Ce n'était peut-être pas ces trois rues qu'il était urgent d'éclairer, attendu que ces trois rues étaient justement celles qui pouvaient le mieux se passer d'éclairage; mais on n'arrive pas du premier coup à la perfection, et quelque tendance naturelle qu'ait la police à être infaillible, elle est, comme toutes les autres choses de ce monde, soumise au tâtonnement du progrès.

Une cinquantaine de réverbères furent donc éparpillés dans les trois rues susdites, et allumés un beau soir, sans qu'on eût demandé aux lazzaroni si cela leur convenait.

Le lendemain, il n'en restait pas un seul; les lazzaroni les avaient cassés depuis le premier jusqu'au dernier.

On renouvela l'expérience trois fois. Trois fois elle amena les mêmes résultats.

La police en fut pour ses cent cinquante réverbères.

On fit venir padre Rocco, et on lui expliqua l'embarras dans lequel se trouvait le gouvernement.

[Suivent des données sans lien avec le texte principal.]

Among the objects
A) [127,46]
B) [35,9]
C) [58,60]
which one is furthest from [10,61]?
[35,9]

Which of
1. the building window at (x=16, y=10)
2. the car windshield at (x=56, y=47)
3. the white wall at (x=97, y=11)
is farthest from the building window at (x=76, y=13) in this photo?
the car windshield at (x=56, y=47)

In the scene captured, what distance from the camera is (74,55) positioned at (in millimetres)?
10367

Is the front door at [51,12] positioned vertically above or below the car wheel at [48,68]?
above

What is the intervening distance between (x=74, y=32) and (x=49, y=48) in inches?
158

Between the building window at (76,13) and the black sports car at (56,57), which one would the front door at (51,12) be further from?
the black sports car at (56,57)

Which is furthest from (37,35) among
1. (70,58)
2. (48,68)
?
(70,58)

Padre Rocco se chargea de faire entendre raison aux récalcitrans, pourvu qu'on lui permît d'opérer sur eux à sa manière.

Le gouvernement, enchanté d'être débarrassé de ce soin, donna carte blanche à padre Rocco, lequel se mit incontinent à l'oeuvre.

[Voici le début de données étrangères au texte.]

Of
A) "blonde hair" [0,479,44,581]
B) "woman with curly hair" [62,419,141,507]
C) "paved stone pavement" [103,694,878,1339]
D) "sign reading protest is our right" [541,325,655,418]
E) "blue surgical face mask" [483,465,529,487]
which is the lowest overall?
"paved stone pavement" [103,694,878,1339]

Padre Rocco avait compris que c'étaient les rues étroites et tortueuses qu'il fallait éclairer d'abord; et il avait avisé comme un centre la rue Saint-Joseph, qui donne d'un côté dans la rue de Tolède, et de l'autre sur la place de Santa-Medina. Il fit donc peindre sur un beau mur blanc qui se trouvait au milieu de la rue à peu près un magnifique saint Joseph.